Short of them violating a team rule there isn't' much you can do about it until the season is over.

Diving for a ball in the OF is a good example at the younger ages. You can set expectations, you can practice it, you can communicate the need to dive but at the end of the day if they do dive/don't dive...it's out of your control.
 

radness

Possibilities & Opportunities!
Dec 13, 2019
7,270
113
I didn't like any of the poll choices. You communicate your expectations to the player until they get it. There is no set number of times.

It may be on the first time or they may NEVER understand/execute what you are trying to communicate. You vary your approach of communication and you mix in some bench time if needed (but never to the detriment of the team).

Short of them violating a team rule there isn't' much you can do about it until the season is over.

Diving for a ball in the OF is a good example at the younger ages.
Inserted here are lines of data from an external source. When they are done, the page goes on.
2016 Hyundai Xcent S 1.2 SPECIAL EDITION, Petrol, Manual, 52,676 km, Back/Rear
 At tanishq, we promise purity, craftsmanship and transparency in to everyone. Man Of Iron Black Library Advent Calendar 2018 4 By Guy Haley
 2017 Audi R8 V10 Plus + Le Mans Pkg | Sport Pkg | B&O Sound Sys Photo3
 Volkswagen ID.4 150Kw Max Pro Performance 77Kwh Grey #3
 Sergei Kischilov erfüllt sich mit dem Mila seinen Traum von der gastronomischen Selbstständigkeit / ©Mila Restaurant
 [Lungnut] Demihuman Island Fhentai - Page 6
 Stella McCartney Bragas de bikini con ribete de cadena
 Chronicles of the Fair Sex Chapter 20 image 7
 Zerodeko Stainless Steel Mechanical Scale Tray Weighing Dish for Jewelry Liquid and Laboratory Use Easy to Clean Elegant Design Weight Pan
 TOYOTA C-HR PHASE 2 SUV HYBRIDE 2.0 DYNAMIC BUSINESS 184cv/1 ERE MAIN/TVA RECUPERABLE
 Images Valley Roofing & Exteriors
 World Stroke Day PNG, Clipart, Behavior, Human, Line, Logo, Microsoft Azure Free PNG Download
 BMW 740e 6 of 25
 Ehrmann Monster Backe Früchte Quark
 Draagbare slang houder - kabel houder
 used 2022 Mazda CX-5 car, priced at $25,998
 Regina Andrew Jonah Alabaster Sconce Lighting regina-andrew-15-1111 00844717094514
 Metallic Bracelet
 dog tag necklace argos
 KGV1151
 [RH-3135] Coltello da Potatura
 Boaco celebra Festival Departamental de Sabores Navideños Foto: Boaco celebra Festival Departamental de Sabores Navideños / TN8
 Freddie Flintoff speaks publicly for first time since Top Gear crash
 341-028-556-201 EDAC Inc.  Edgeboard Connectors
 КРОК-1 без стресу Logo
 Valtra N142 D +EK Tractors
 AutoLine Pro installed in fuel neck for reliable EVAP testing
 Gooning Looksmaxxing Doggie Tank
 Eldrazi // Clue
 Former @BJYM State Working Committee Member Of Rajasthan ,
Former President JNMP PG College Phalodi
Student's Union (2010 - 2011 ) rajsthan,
You can set expectations, you can practice it, you can communicate the need to dive but at the end of the day if they do dive/don't dive...it's out of your control.
Just asking for conversation. Are you saying that you think parents should not support coaching efforts in conversations with their child off the field?
In other words parents should just stay out of it? Or what responsibility if any do you think parents have?
 
Nov 26, 2010
4,784
113
Michigan
I used to tell all of my teams. No matter what age or sport. I expect 2 things. You do these 2 things and I will be happy with whatever results we get

1. Pay attention, this includes paying attention to what coach is telling you, what your teammates are telling you during a game, and pay attention to the game.
2. Give your full effort.

no matter what when I would ask my team later what 2 thing I expect invariably I would get a blank stare and finally one girl would say. “Have fun”.
My own dd who I coached for many years over many sports probably can’t tell you my 2 things.
 
Apr 20, 2018
4,581
113
SoCal
Just asking for conversation. Are you saying that you think parents should not support coaching efforts in conversations with their child off the field?
In other words parents should just stay out of it? Or what responsibility if any do you think parents have?
If the parent(s) does not like the coaching and are not willing to support it then they probably should not have joined the team in the first place. Parents should ask questions and take their time before joining $$$ a team. I always encourage DD to listen to the coach. That being said, if a parent overall agrees with coaching but has a disagreement or different point of view about a certain issue or situation, the parent should be able to discuss it with the coach. Everybody has to leave their ego at home.